Lutz received a Ph.D. from the University of Chicago in 1907 under the supervision of C. B. Davenport. His thesis was on the morphometrics of cricket variation and was titled "The Variation and Correlations of Certain Taxonomic Characters of Gryllus".

=== American Museum of Natural History ===
Henry E. Crampton who worked at the Cold Spring Harbor was in need of a person in the entomology department at the American Museum of Natural History. He offered it to Lutz who took it reluctantly. In 1909, Lutz became assistant curator of invertebrate zoology at American Museum of Natural History, New York City, becoming associate curator in 1916 and finally a curator in 1921. Lutz went on collecting expeditions to the West Indies, Central and South America.
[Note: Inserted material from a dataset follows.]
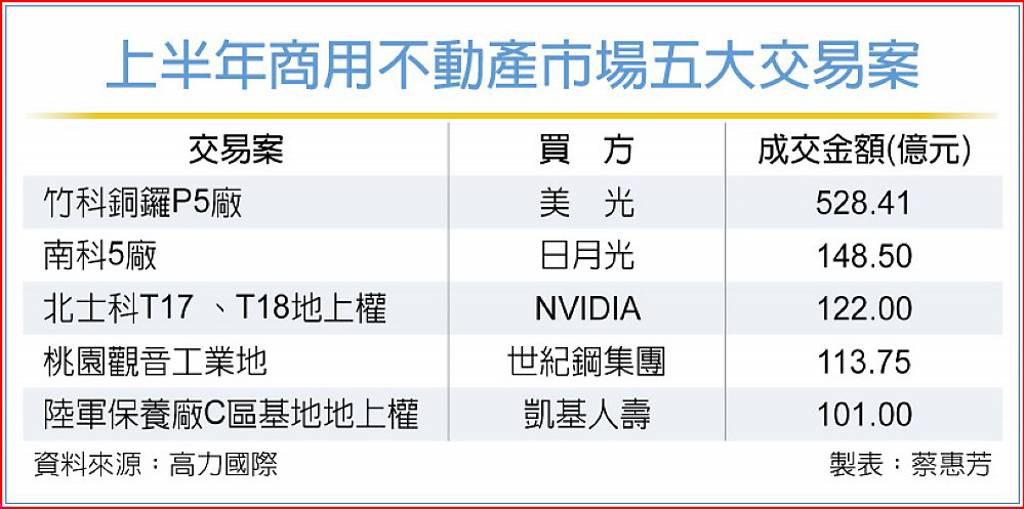 前五大案成交總額破千億 商用不動產 H1噴長紅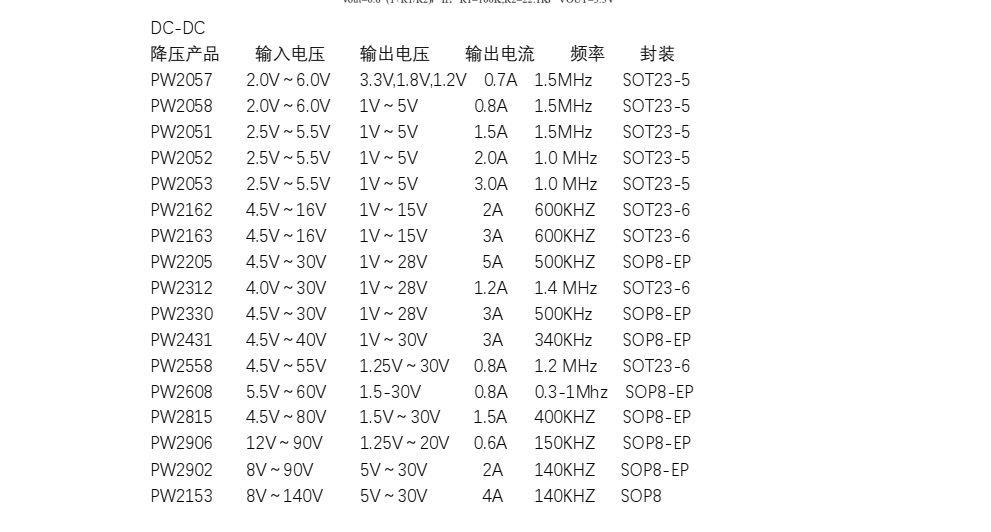 18V降壓3.3V，15V降壓3.3V的降壓IC和LDO芯片方案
He sent out specimens to specialists at various institutions and never described any new species, even taking pride for it. He studied living insects, ecology and behavior. He conducted experiments on crickets under artificial light and dark conditions to examine their endogenous circadian behavior in 1932. From 1922 he also worked with Floyd K. Richtmyer and conducted experiments on ultraviolet vision in insects. He also studied their perception in a range of bees which led to the award of a Abraham Cressy Morrison Prize. He also took an interest in insect calls and made gramophone records of a range of insects and frogs.

In 1925, Lutz pioneered the first self-guided or signed nature trail in the United States in Harriman State Park, an idea that spread quickly to parks across the country and the world. He served as a president of the Entomological Society of America in 1927.

== Personal life ==
Lutz married Martha Ellen Brobson of Philadelphia in 1904. They had four children.

==Writing==
Lutz made numerous contributions to the scientific journals on the subjects of variation, heredity, assortative mating and entomology. He wrote Field Book of Insects, published in 1917, and illustrated in the main by Edna Libby Beutenmüller. Among his best known "expeditions" was a study of the insects in his backyard in Ramsey, New Jersey which he documented in his book A Lot of Insects, published in 1941.